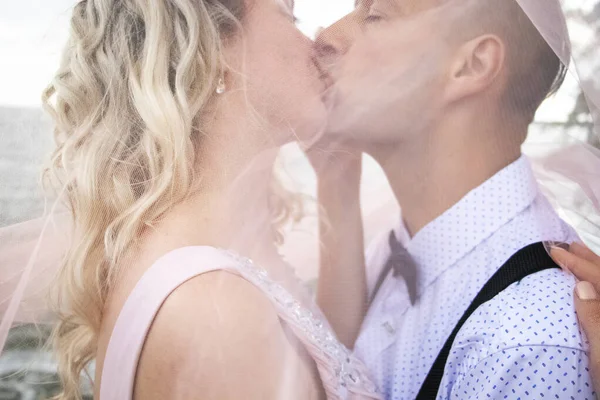 Casamento Criativo Hipster Beira Mar Noiva Está Vestido Rosa Véu — Fotografia de Stock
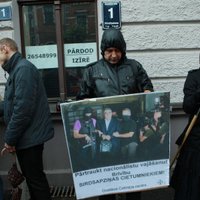 Фоторепортаж: как латышские националисты поддержали греческих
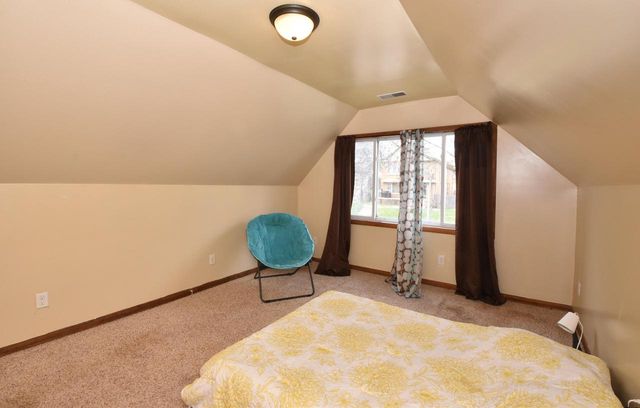 4040 N 11th STREET, Milwaukee, WI 53209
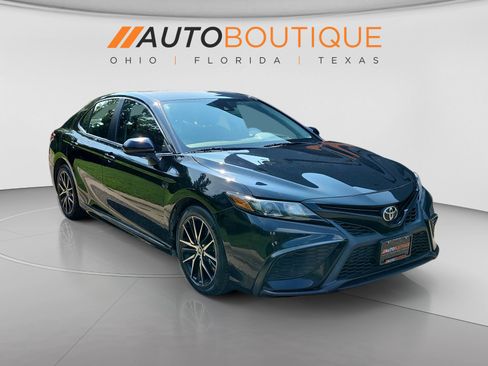 Used 2021 Toyota Camry SE FWD image 7
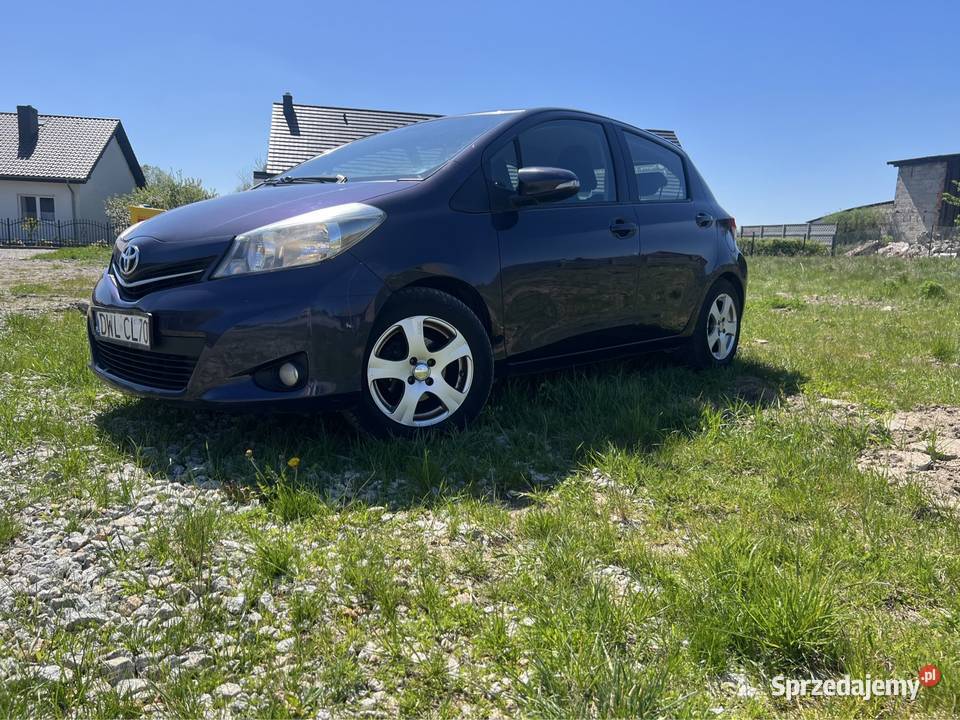 Toyota Yaris 2012 lift Rok produkcji 2012 Poznań sprzedam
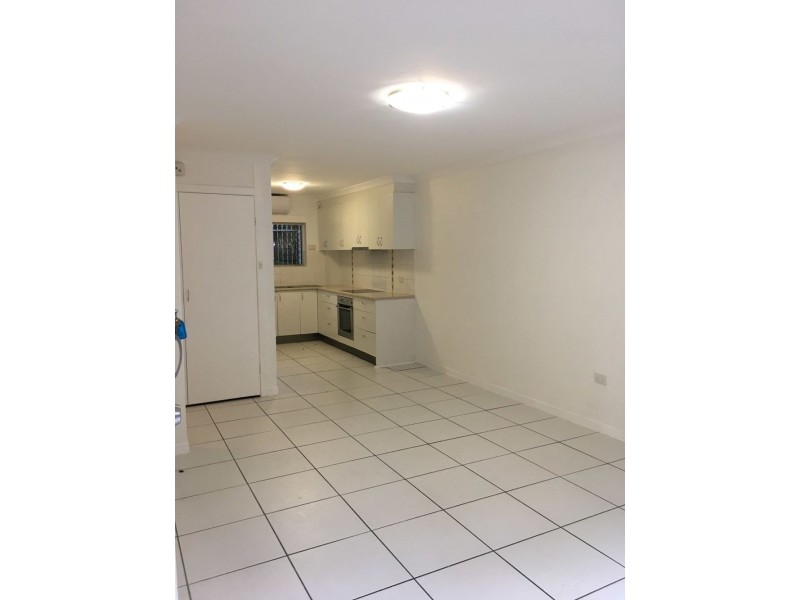 2/75 Old Burleigh Road, Surfers Paradise QLD 4217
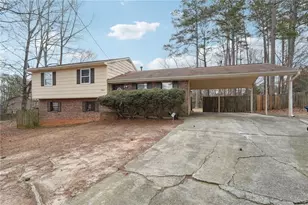 7344 Camelot Ct, Riverdale, GA 30296 - Photo 2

——

_Work order_.
Your copy should hold exactly the lines from the line bearing "Toyota Yaris 2012" through the end of the data, both included, and no pictures or anything further.

_Solution_.
 Toyota Yaris 2012 lift Rok produkcji 2012 Poznań sprzedam
 2/75 Old Burleigh Road, Surfers Paradise QLD 4217
 7344 Camelot Ct, Riverdale, GA 30296 - Photo 2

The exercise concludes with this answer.